[Crawled caption data]
● ● ● ● ● ● ●
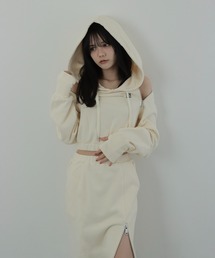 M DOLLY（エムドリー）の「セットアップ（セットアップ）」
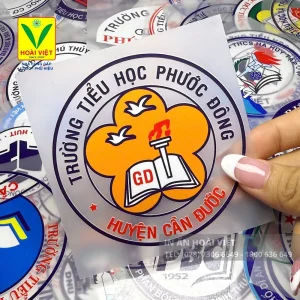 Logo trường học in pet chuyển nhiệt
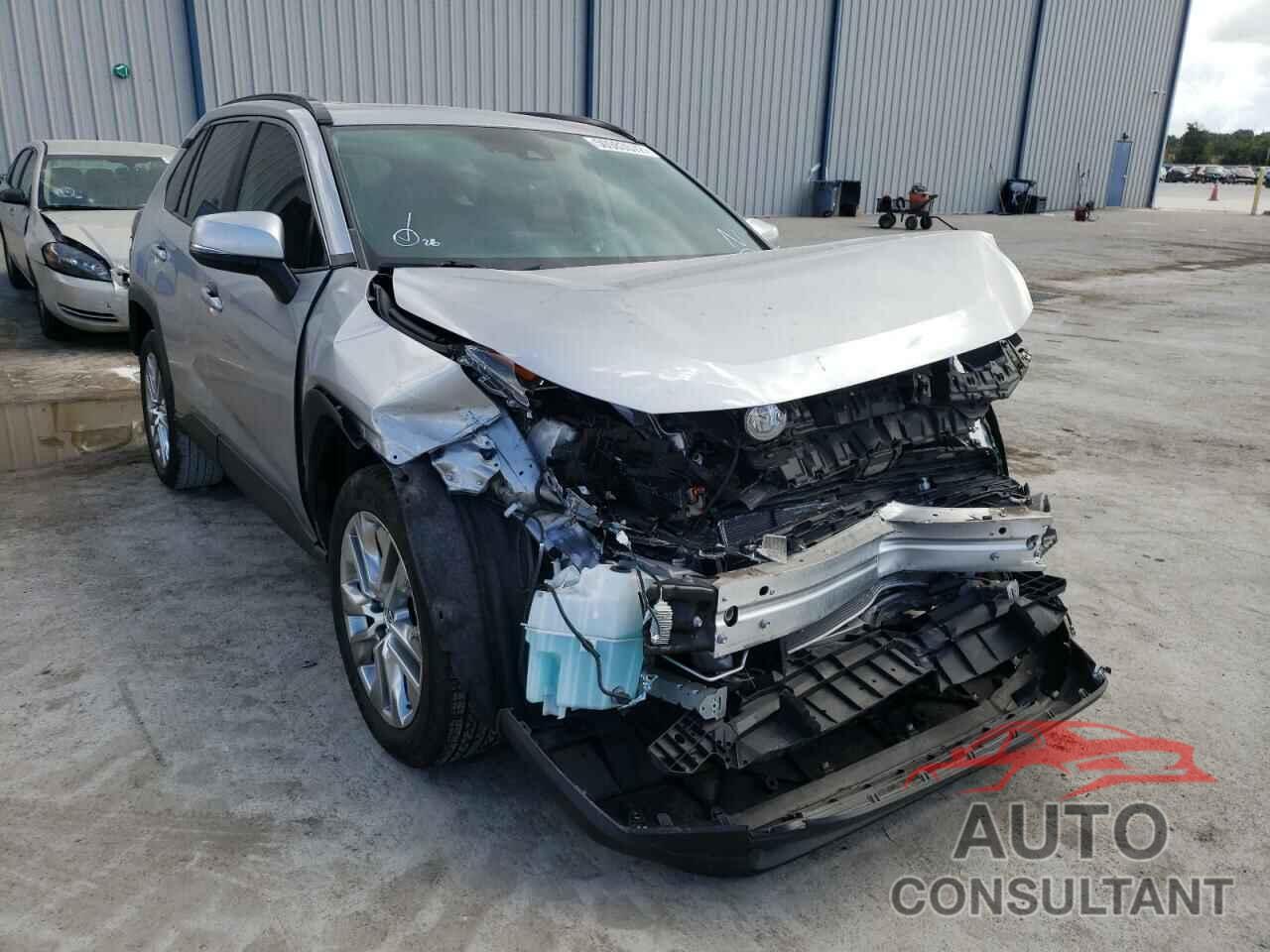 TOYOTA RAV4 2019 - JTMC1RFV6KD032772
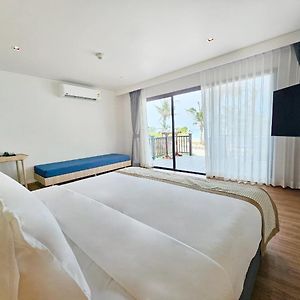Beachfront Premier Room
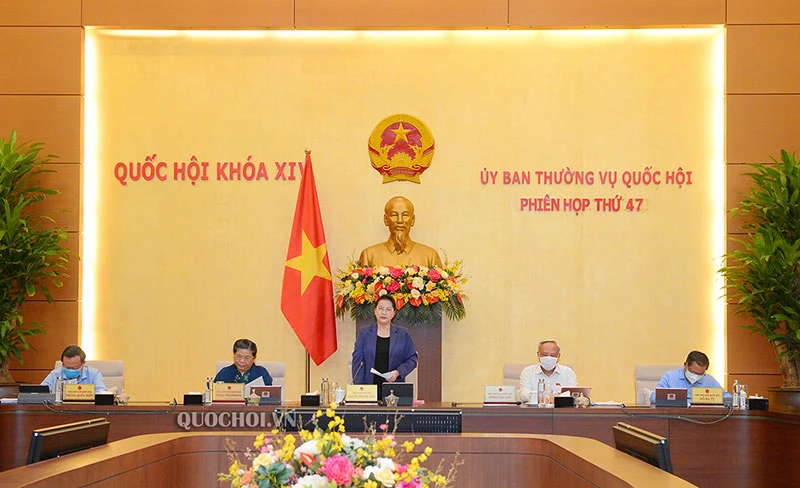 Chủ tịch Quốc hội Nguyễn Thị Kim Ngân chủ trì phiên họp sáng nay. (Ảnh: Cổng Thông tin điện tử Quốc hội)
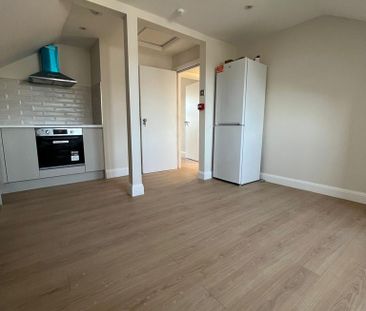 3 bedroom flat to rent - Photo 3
● ● ● ● ● ● ●
Task directions — Exactly the lines from the one containing "TOYOTA RAV4 2019 - JTMC1RFV6KD032772" through the last line of the data above should be output, both ends included, with every picture left out.

Solution below —
 TOYOTA RAV4 2019 - JTMC1RFV6KD032772
Beachfront Premier Room
 Chủ tịch Quốc hội Nguyễn Thị Kim Ngân chủ trì phiên họp sáng nay. (Ảnh: Cổng Thông tin điện tử Quốc hội)
 3 bedroom flat to rent - Photo 3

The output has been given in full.